The study’s authors suggest that future clinical trials might investigate whether shifting current breast cancer screening guidelines could change outcomes and reduce harms at the population level. Experts told STAT prospective studies that account for factors like women’s socioeconomic status, ZIP codes, their age and the frequency of mammogram screenings, would provide more solid data.
“Race is still something that we’re trying to figure out — how that puzzle piece fits into the bigger picture of risk,” said Dionisia Quiroga, a breast medical oncologist with The Ohio State University Comprehensive Cancer Center – James Cancer Hospital and Solove Research Institute.
The race and ethnicity data in this study, which was reported by proxy based on death certificates, might also be less accurate than if self-reported, so future prospective studies could fill this gap, Quiroga said.
Meanwhile, clinicians should take a woman’s race and ethnicity into account when advising them when to begin screening, the authors wrote. The U.S. Preventive Services Task Force currently recommends that women ages 40 to 49 make an individual decision about screening after discussing the risks and benefits with their primary care doctors.
Some clinicians, like Lisa Newman, a surgical breast oncologist at Weill Cornell Medicine, stand by age 40 as a good starting age for any woman at high risk. She and other experts told STAT they would be reluctant to advise women of any ethnic or racial group to screen later than age 50. Individuals’ risk factors vary within and outside these groups, and many non-white women also struggle with access to quality care, providers’ implicit biases and systemic inequities just as Black women do, they said. The data analysis also doesn’t differentiate between Black Hispanic and non-Black Hispanic women, Quiroga noted.
In addition to screening Black women at an earlier age, clinicians might consider more frequent screenings and alternatives to mammograms, the authors wrote. Black women tend to have higher breast density, which makes it tougher for radiologists to identify breast cancer on a mammogram, while also raising the risk of breast cancer.

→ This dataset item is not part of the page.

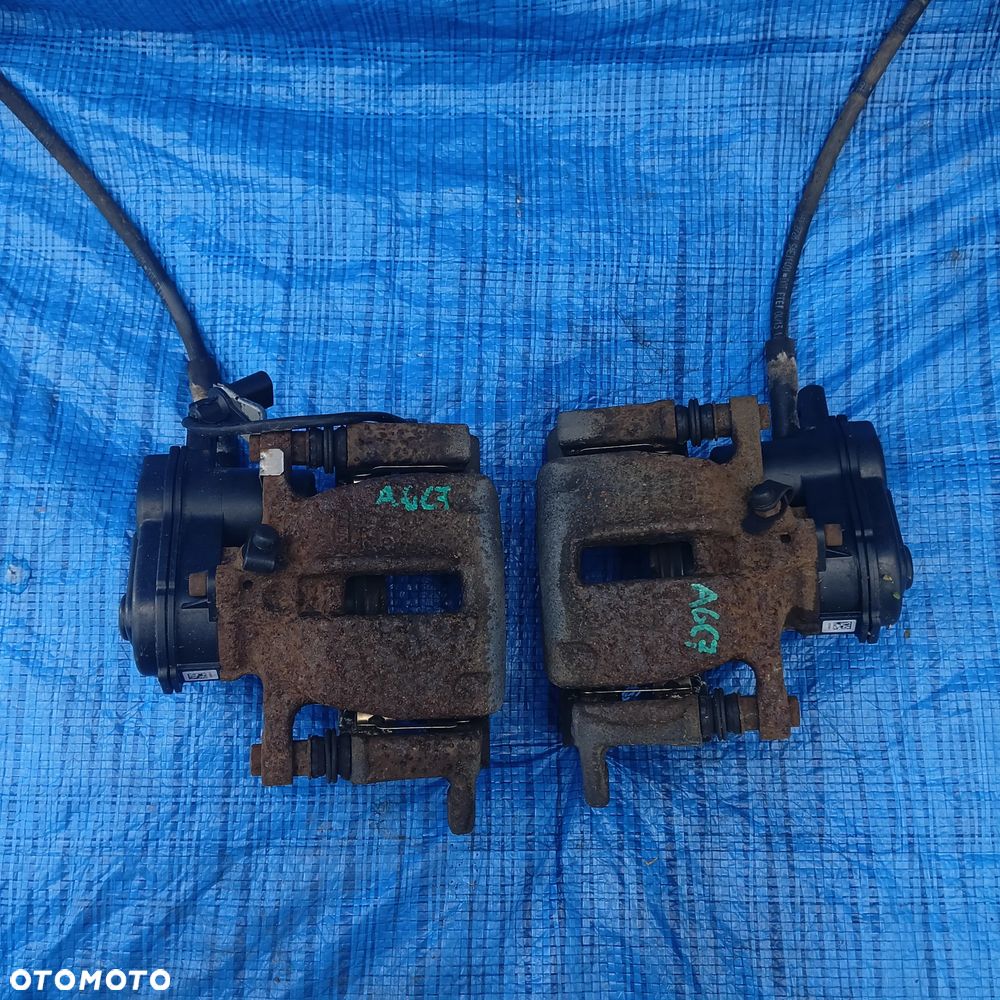 ZACISK HAMULCOWY Z SILNICZKIEM PRAWY LEWY TYŁ TYLNY AUDI A6 C7 A7 C7 ; 644GNO64 3.0L diesel - 1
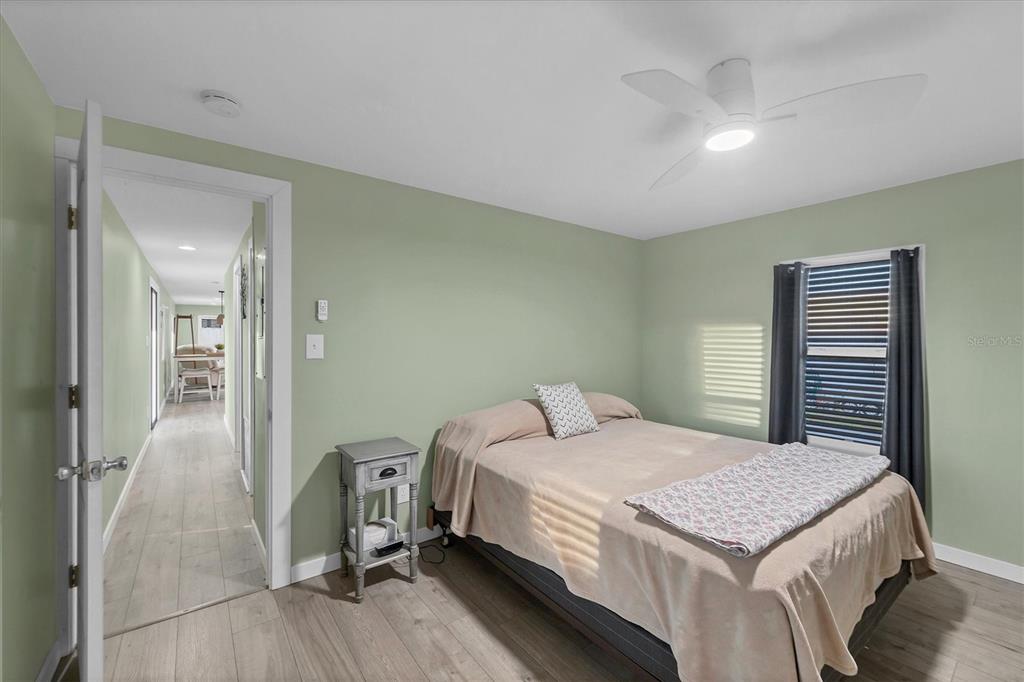1891 Englewood Road, Unit 1 Englewood, FL 34223 - Photo 22 of 46 a bedroom with a bed and a table in it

They’re also much more likely to develop more aggressive cancers, including an invasive subtype known as triple-negative breast cancer. The Carolina Breast Cancer Study showed that, with early-stage breast cancer, Black women have a higher frequency of other molecular subtypes that can become resistant to treatment, and ultimately lead to poor health outcomes, Ivory said. But the study couldn’t take cancer subtype or stage of the disease into account due to limited data, the authors acknowledged.
The benefits of earlier breast cancer detection would balance out any harms from false positives due to the dense breast tissue in this group, the researchers noted.
There are systemic reasons why Black women might not get screened earlier and often. Implicit bias from providers, disparities around the quality and access to care Black women receive, and mistrust in the medical system are just a few, experts told STAT.
“A lot of Black women are the sole provider in their family, and so, in order for them to be able to go and get screened, or be able to get treatment, which can be frequent visits, they have to take time off from work,” Ivory said. “But when you’re the sole provider for your family, then is that really possible for you to do? As a result, sometimes women put their own needs on the back burner to take care of their family.”